Let $G$ be a cyclic group, with a generator $g$. For a subgroup $H \subset G$, we will show $H=\langle g^n\rangle$ for some $n\geq0$, so $H$ is cyclic. (...) The idea is that every element in a subgroup of the form $\langle g^n\rangle$ looks like $g^{nk}$, so $n$ is the smallest positive exponent among the elements of the subgroup.
I'm not sure how to think about this... If we take the cyclic group with ten elements $(e,g^1,g^{-1},\ldots, g^5)$ and build the subgroup $\langle g^4\rangle=\{g^4,g^{-2},g^2,g^{-4},e\}$ so $g^{4*3}=g^2$ and $2<4$. Am I making some mistake?
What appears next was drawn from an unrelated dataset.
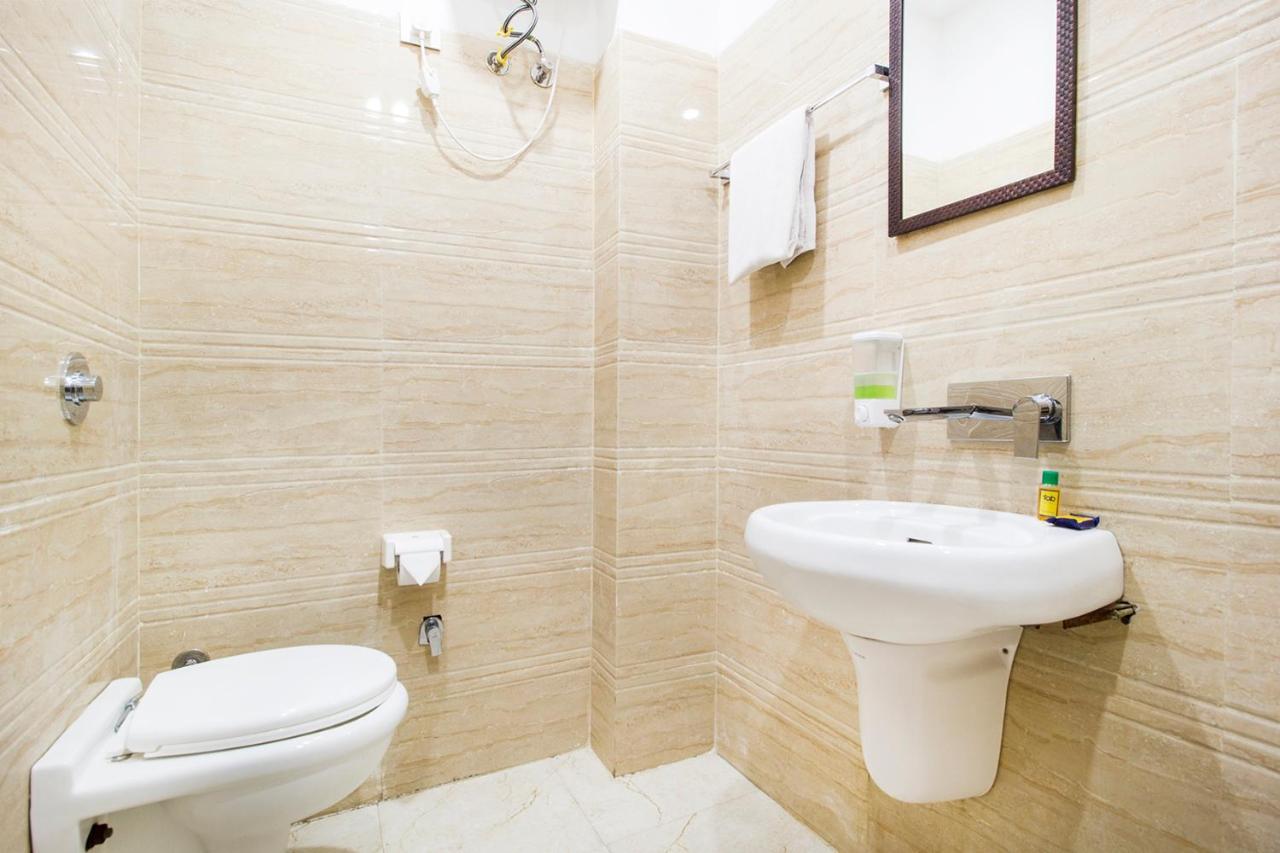 Fabhotel Royal Villa Hussainpura Chowk Amritsar Bagian luar foto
Note that it says it will show $H=\langle g^n\rangle$ for some $n > 0$. That is, it is only necessary to find a single $n$, not every $n$ that will work. The claim is that if $H \ne \{e\}$, it is sufficient to choose $$n = \min \{k \in \Bbb N^+\mid g^k \in H\}$$
Since this set cannot be empty (I'll leave it to you to figure out why), it always has a least element. For any $g^k \in H$, we can write $k = qn + r$ for some $q$ and $0 \le r < n$. But $g^r = (g^n)^{-q}g^k \in H$, and since $n$ is the smallest positive exponent of $g$ in $H$, it must be that $r = 0$. I.e., $g^k = (g^n)^q \in \langle g^n \rangle$.
It doesn't matter if there are other values $n_1$ such that $\langle g^{n_1} \rangle = H$. (In your example, $n = 2$ and $n_1 = 4$.) All that matters is that the $n$ chosen can be proven to work.